##### DATA FOR THIS TASK #####

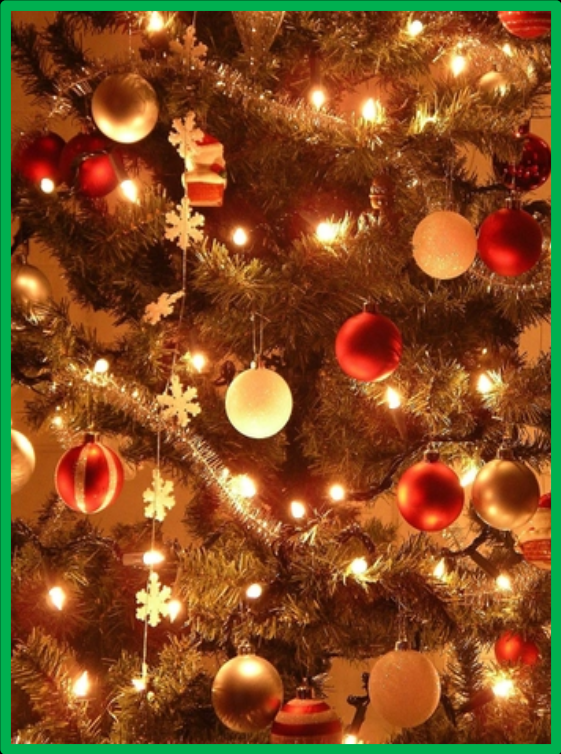 Festive Christmas image with greenery, lights and ornaments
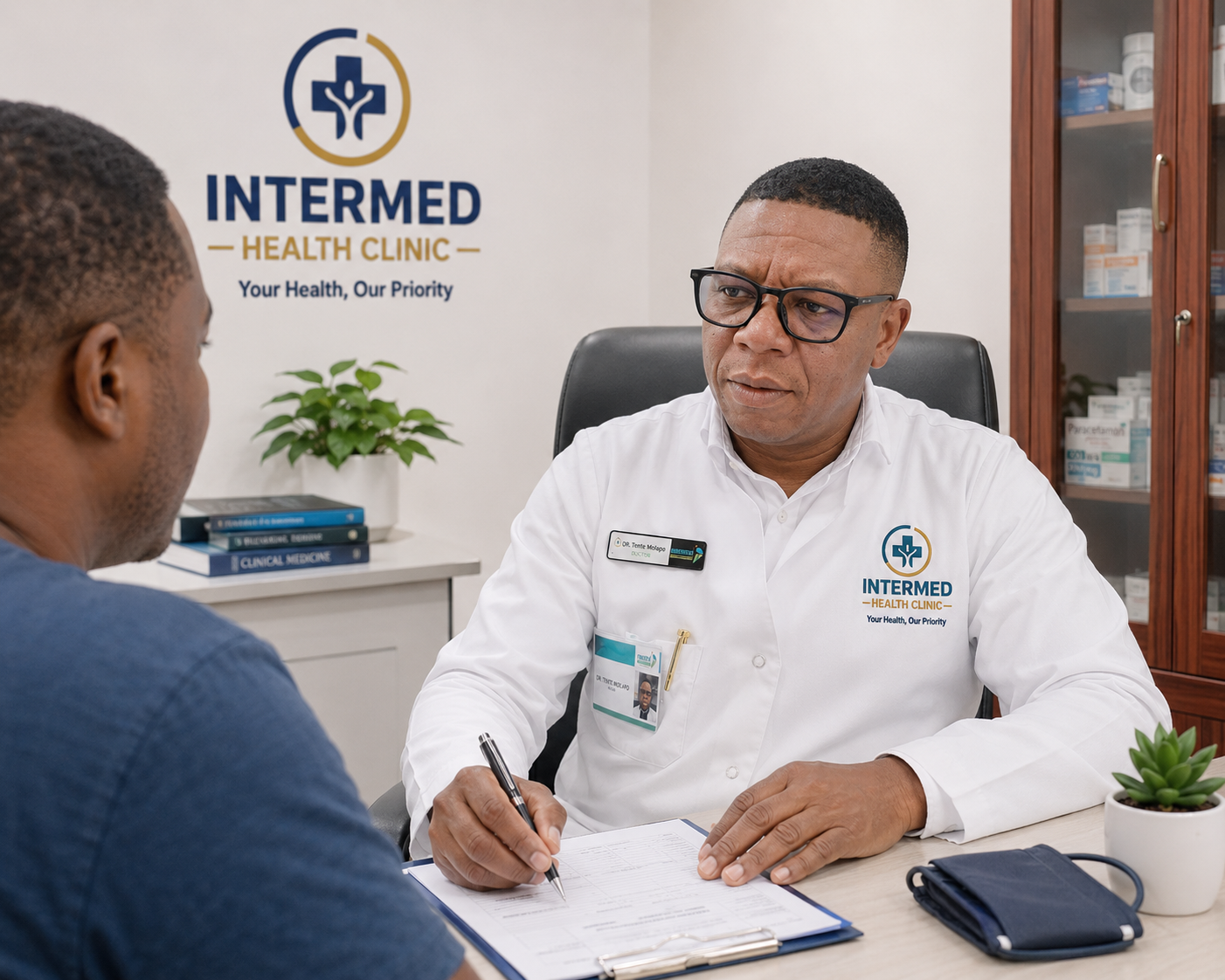 Healthcare professional conducting normal consultation with patient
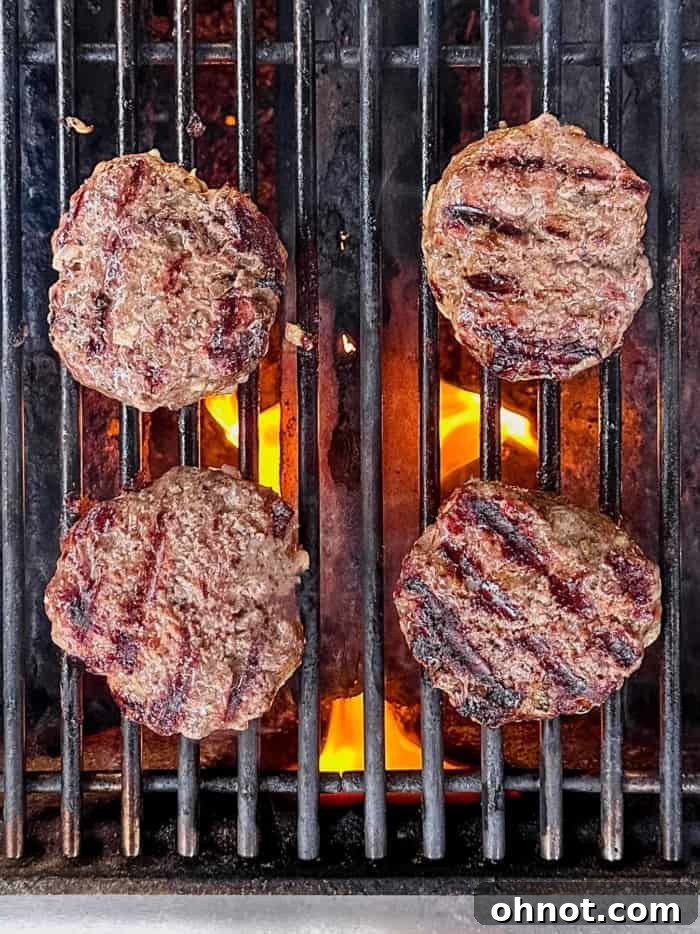 Two perfectly grilled hamburger patties with visible char marks, resting on the grill.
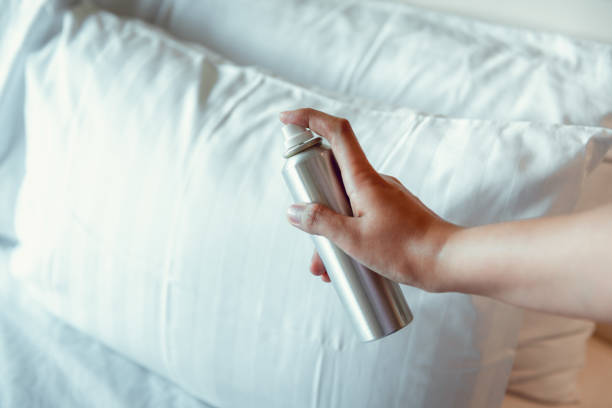 woman hand sta spruzzando deodorante per l'aria nel cuscino in camera da letto, odore sgradevole e concetto di aromaterapia - air freshener foto e immagini stock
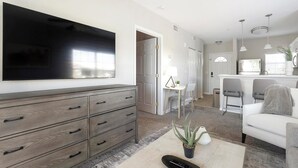 Een moderne woonkamer met een flatscreen televisie, een houten kast en een eethoek met stoelen en een tafel.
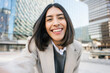 © Franci Leoncio - Young woman smiling while taking a selfie in city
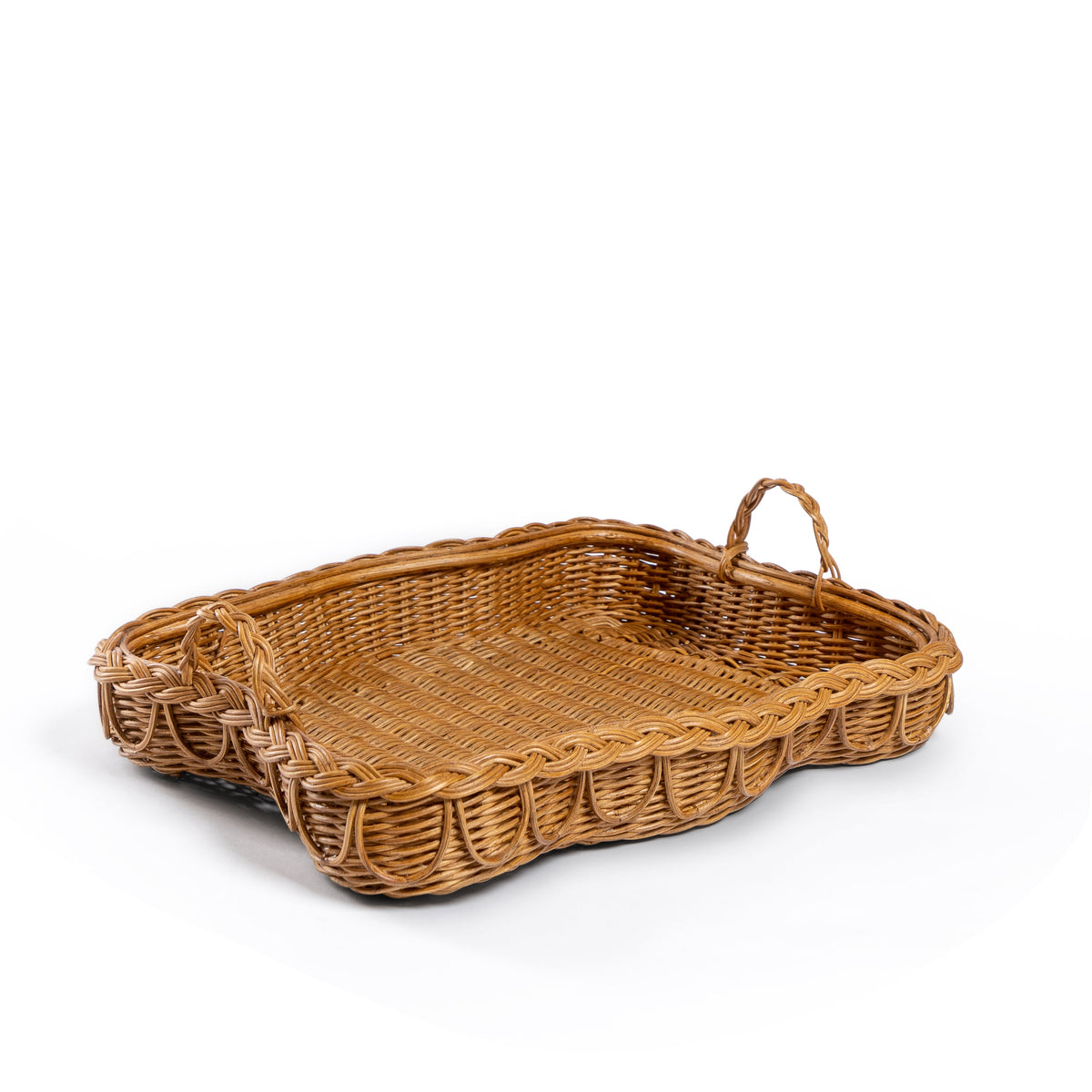 Photo of Sharland-England's Hadley tray Hand-crafted from 100% natural rattan, featuring fixed handles and a beautifully braided, scalloped edge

#####

WHAT IS EXPECTED:
For each record above, write it out exactly and omit any picture.

ANSWER TO THE PROBLEM:
 Festive Christmas image with greenery, lights and ornaments
 Healthcare professional conducting normal consultation with patient
 Two perfectly grilled hamburger patties with visible char marks, resting on the grill.
 woman hand sta spruzzando deodorante per l'aria nel cuscino in camera da letto, odore sgradevole e concetto di aromaterapia - air freshener foto e immagini stock
 Een moderne woonkamer met een flatscreen televisie, een houten kast en een eethoek met stoelen en een tafel.
 © Franci Leoncio - Young woman smiling while taking a selfie in city
 Photo of Sharland-England's Hadley tray Hand-crafted from 100% natural rattan, featuring fixed handles and a beautifully braided, scalloped edge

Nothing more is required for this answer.